BLOOD RELATIONS SOLVING STRATEGY:

1. IDENTIFY THE SPEAKER PERSPECTIVE:
   - Determine whose perspective the question is from
   - \"my\" always refers to the speaker
   - Fix the reference point before analyzing relationships

2. RESOLVE EACH RELATION STEP-BY-STEP:
   - \"my grandfather's only son\" = my father
   - \"my mother's daughter\" = my sister (or me if female)
   - \"my father's father\" = my grandfather
   - \"my uncle's wife\" = my aunt
   - Break down complex chains into simple parent-child or sibling links

3. MAINTAIN GENERATION LEVELS:
   Track the generational hierarchy:
   - Grandparent level: -2 (grandfather, grandmother)
   - Parent level: -1 (father, mother, uncle, aunt)
   - Self level: 0 (brother, sister, cousin)
   - Child level: +1 (son, daughter, nephew, niece)
   - Grandchild level: +2 (grandson, granddaughter)
   Never confuse upward relations (toward ancestors) with downward relations (toward descendants)

4. GENDER ASSUMPTIONS:
   - If gender is not explicitly stated, assume the speaker is male
   - Pay attention to gender-specific terms: he/she, his/her, husband/wife, brother/sister

5. FINALIZE THE RELATION:
   - After mapping all relationships, determine the final connection
   - Use standard family terms: father, mother, son, daughter, brother, sister, uncle, aunt, cousin, nephew, niece, grandfather, grandmother, brother-in-law, sister-in-law
   - Select the choice that matches this relationship

SEATING ARRANGEMENT SOLVING STRATEGY:

1. IDENTIFY THE ARRANGEMENT TYPE:
   - Linear: People sit in a straight row (left to right or numbered positions)
   - Circular: People sit around a table (clockwise/anticlockwise direction matters)
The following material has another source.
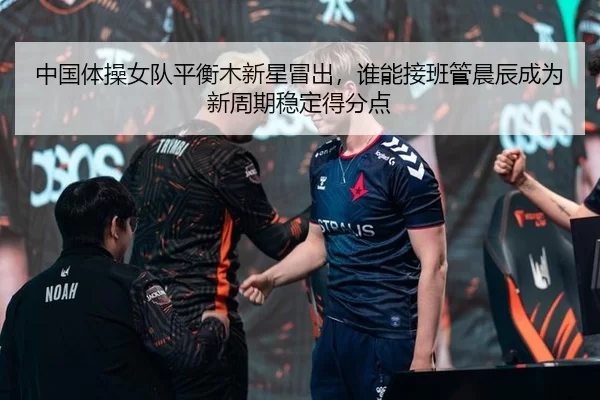 中国体操女队平衡木新星冒出，谁能接班管晨辰成为新周期稳定得分点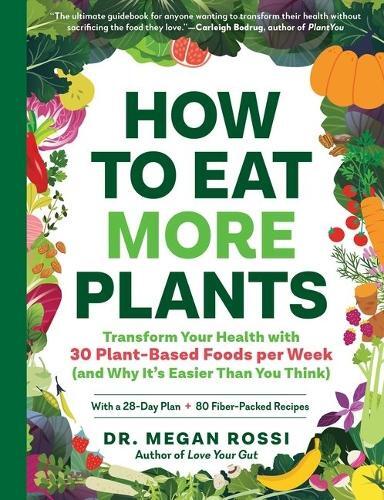 Megan Rossi How to Eat More Plants (Tascabile)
2. DETERMINE FACING DIRECTION (for circular only):
   - Facing center: \"left\" means clockwise direction, \"right\" means anticlockwise
   - Facing outward: \"left\" means anticlockwise direction, \"right\" means clockwise
   - This is critical for determining relative positions

3. LIST ALL CONSTRAINTS:
   - Write down every constraint given in the problem
   - Constraints might be: \"A is left of B\", \"C is opposite D\", \"E is between F and G\"
   - Number the constraints for systematic application

4. APPLY CONSTRAINTS STEP BY STEP:
   - Start with the most definite constraint (exact positions or opposites)
   - Build the arrangement progressively
   - Use process of elimination for remaining positions

5. VERIFY THE FINAL ARRANGEMENT:
   - Check that all constraints are satisfied
   - Ensure no contradictions exist
   - Answer the specific question asked (who sits where, who is next to whom, etc.)

CONSISTENCY CHECK:

Before providing your final answer:
- Ensure your reasoning logically leads to the answer you select
- If reasoning concludes \"X is the uncle\", your answer should match the choice that says \"uncle\"
- If reasoning concludes \"E sits at position 5\", your answer should match that choice
- Do NOT contradict your own logical deduction
- Double-check that the answer letter (A/B/C/D) corresponds to the correct option

OUTPUT FORMAT:

Provide your response in exactly this format:

answer: \"A\" or \"B\" or \"C\" or \"D\"
reasoning: \"Step 1: [first logical step]. Step 2: [second logical step]. Step 3: [third logical step]. Step 4: [fourth logical step]. Step 5: [final conclusion].\"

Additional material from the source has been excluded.